My second-year university students are, for the most part, pretty good writers, but on their fall semester essays I noticed a deficiency in (what I thought were) proofreading skills. So this past week I gave them a proofreading quiz (ungraded, as a learning exercise), consisting of ten sentences containing various errors and problematic choices that they had to identify and correct. I was stunned, not by their failures to identify the problems and their desire to make unnecessary corrections, but by the consistency. They all did pretty much the same.
None spotted the missing apostrophe in the possessive.
Most failed to insert a comma where two independent clauses were joined by a conjunction.
None spotted the misuse of the word inculcate.
None spotted the unnecessary capitalization of the word king.
Most failed to spot the sentence fragment.
None spotted the misspelling of amorous. (I spelled it amourous, a spelling that hasn’t been common since the 16th century.
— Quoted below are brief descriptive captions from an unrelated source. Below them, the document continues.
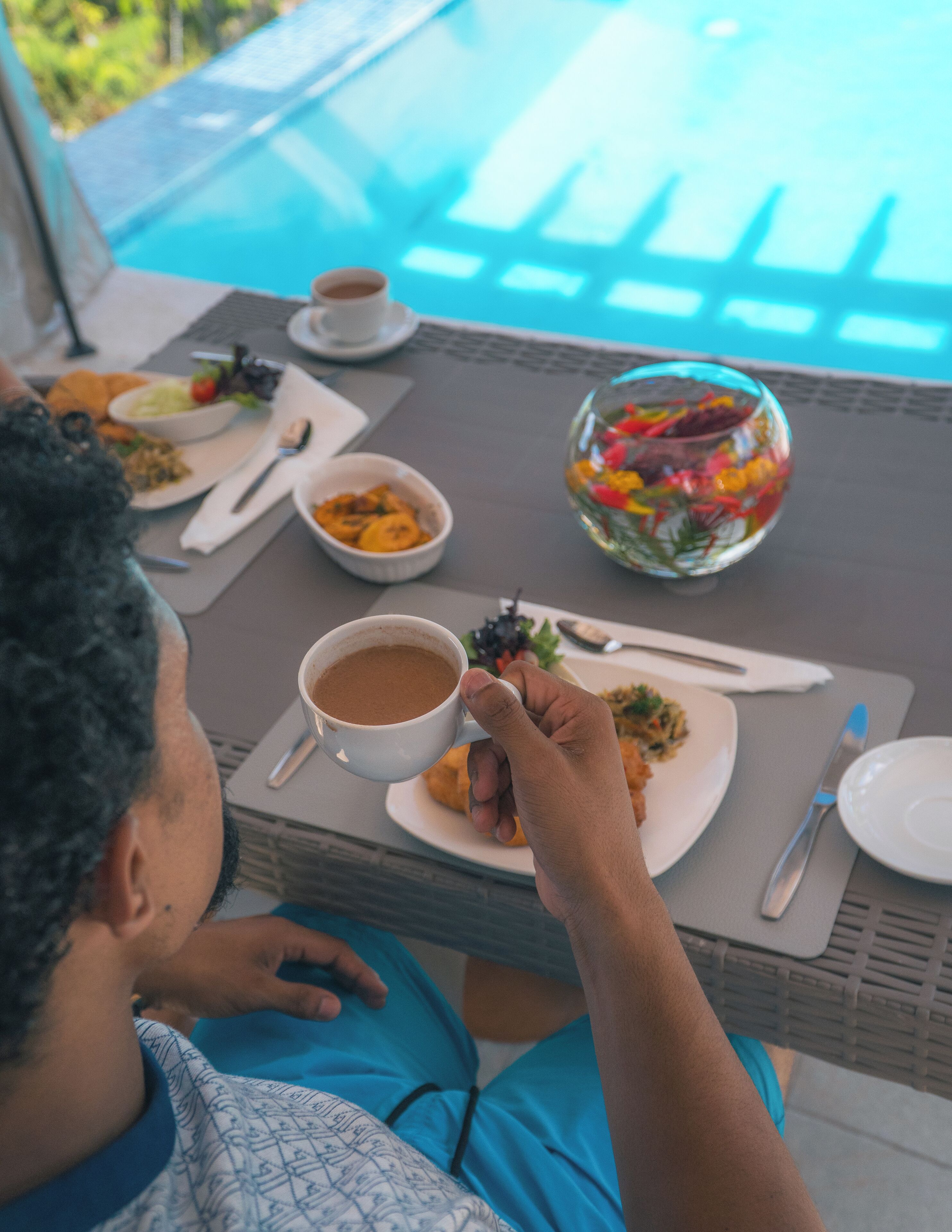 A dining table with plates of food, a cup of coffee, and a decorative glass bowl.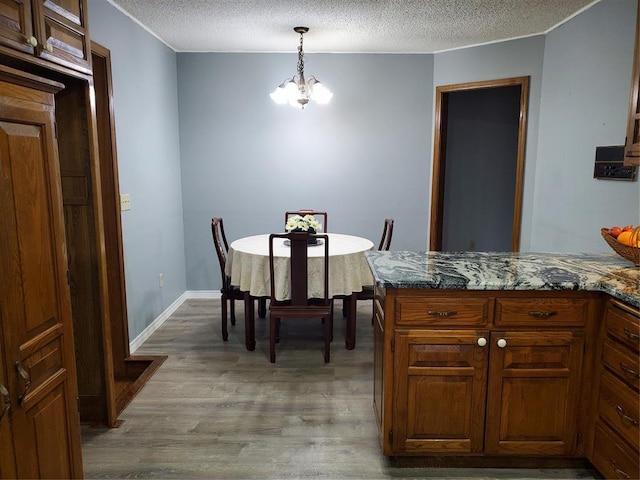 dining room featuring a chandelier, a textured ceiling, and light wood-type flooring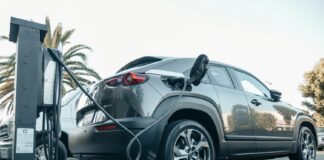 Nowoczesny Jeep plug-in hybrid podłączony do ładowarki na zewnątrz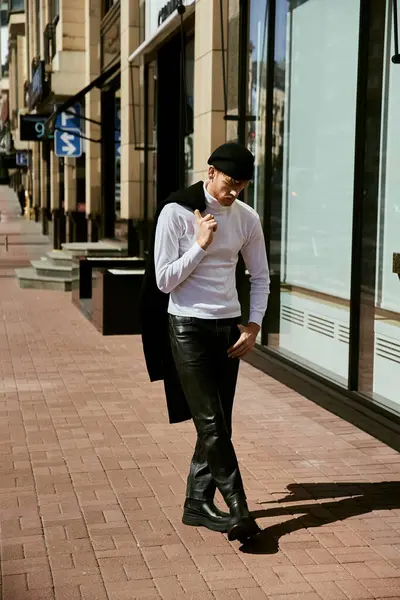 A young red-haired man in debonair attire stands on a city sidewalk in front of a store. — Stock Photo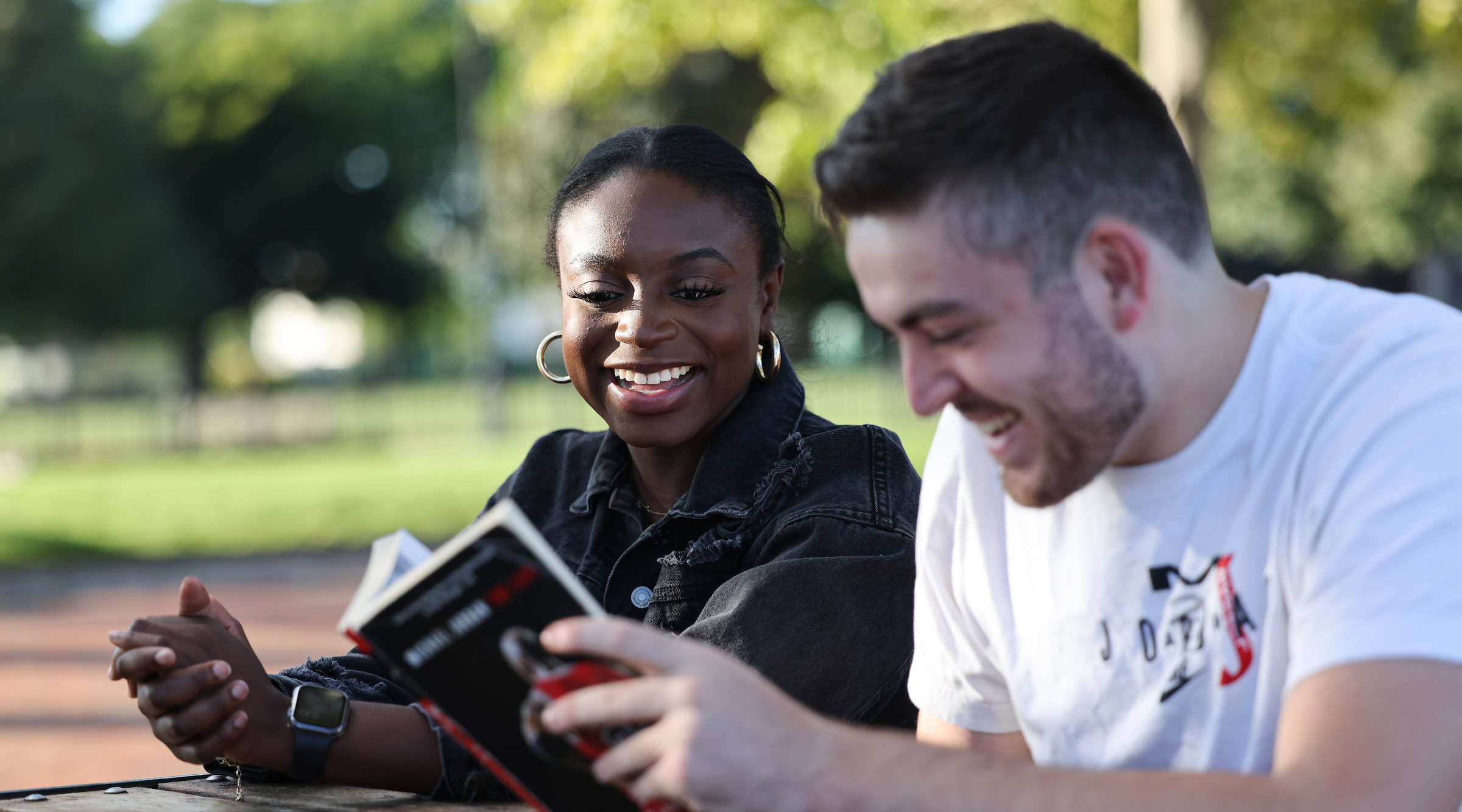 Two Suffolk Students read a book and chat in a city park at a picnic table.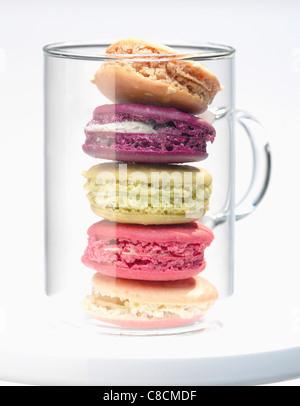 Pile of macaroons in a glass Stock Photo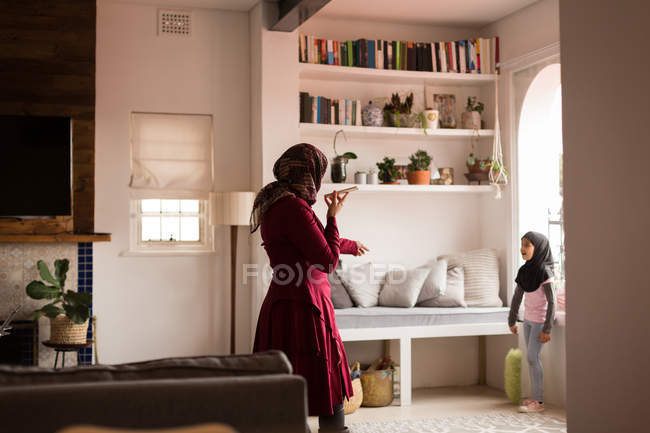 Mulher muçulmana conversando com sua filha enquanto usa o telefone em casa — Fotografia de Stock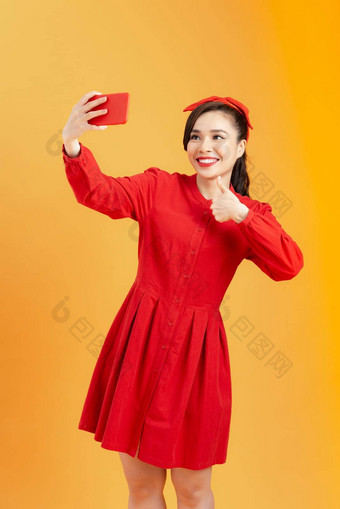 肖像微笑亚洲<strong>女</strong>人红色的衣服使<strong>自拍</strong>照片智能手机孤立的橙色背景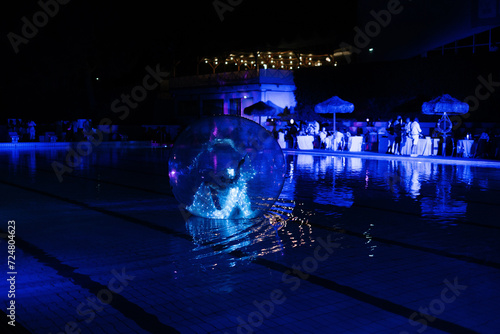 bright dancer in a water ball dancing in the pool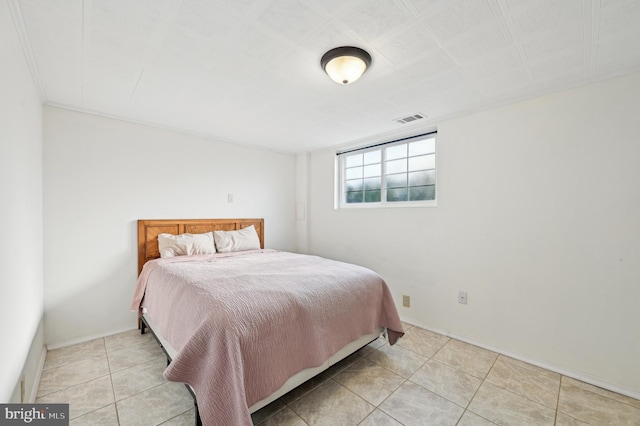 bedroom featuring baseboards, visible vents, and light tile patterned floors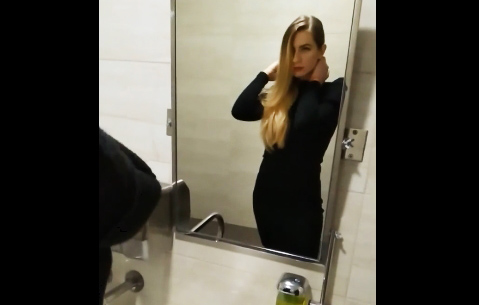 Sexy blonde gives blowjob in public toilet
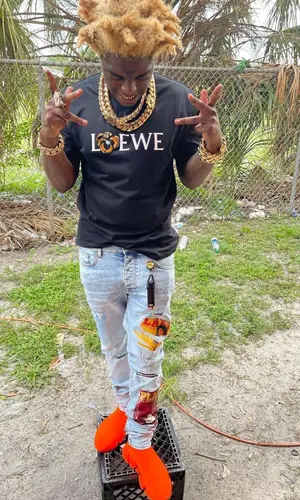 Kodak Black wearing Loewe t-shirt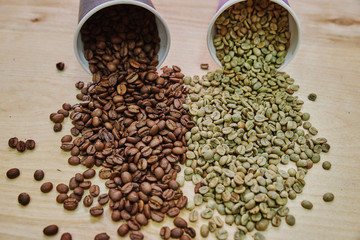 Coffee beans before and after roasting. Brown and green grains scattered on the table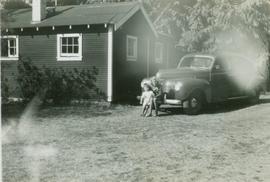 Two children pose in front of an automobile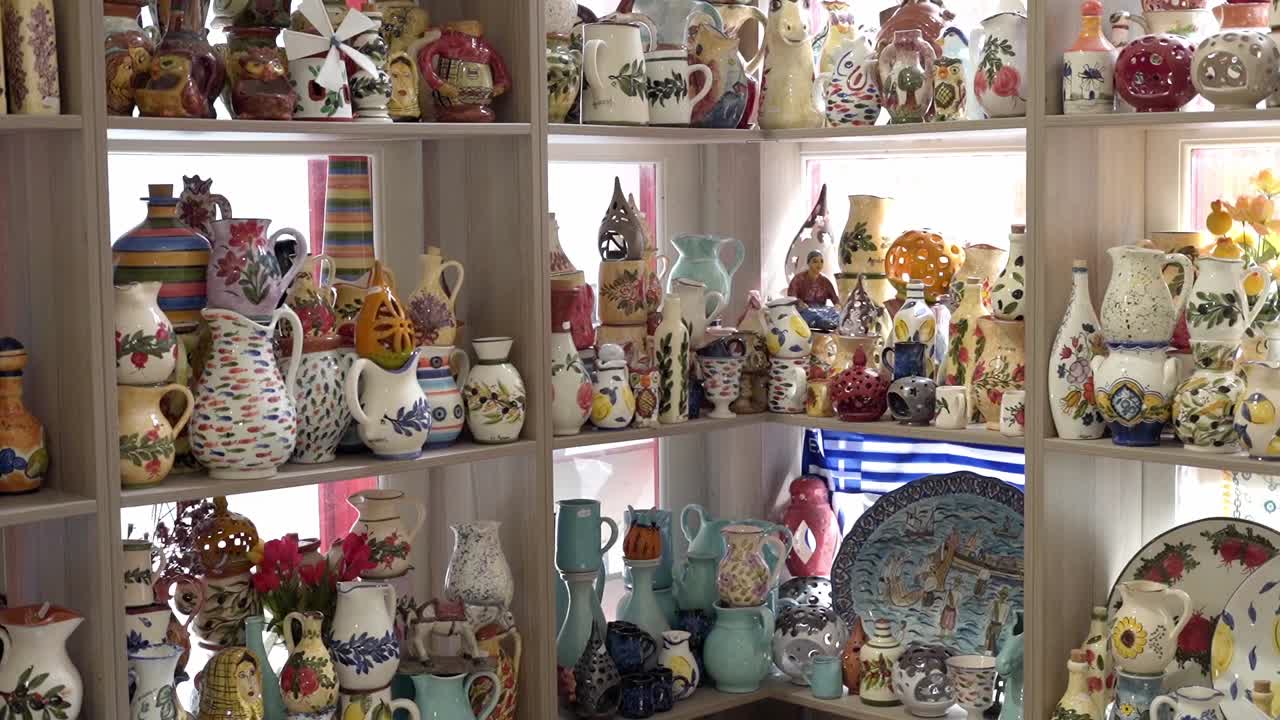 Handmade traditional ceramic artefacts and souvenir at small shop, Agiasos village, Mytilene, Lesvos, Gimbal shot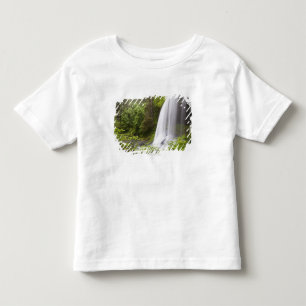 オレゴンのぼやけられた滝および森林眺め トドラーTシャツ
This one may have been unfair.), and most missed the misspelling of martial for marital (again, time pressure in a quiz may have made this one unfair).
Only half spotted the error in subject-verb concord (writes for wrote).
But on the plus side, only one flagged the split infinitive as an error.
In the future, I’m going to give this quiz earlier in the year. It seems to be a good method for identifying the areas of grammar and usage where they’re unsure.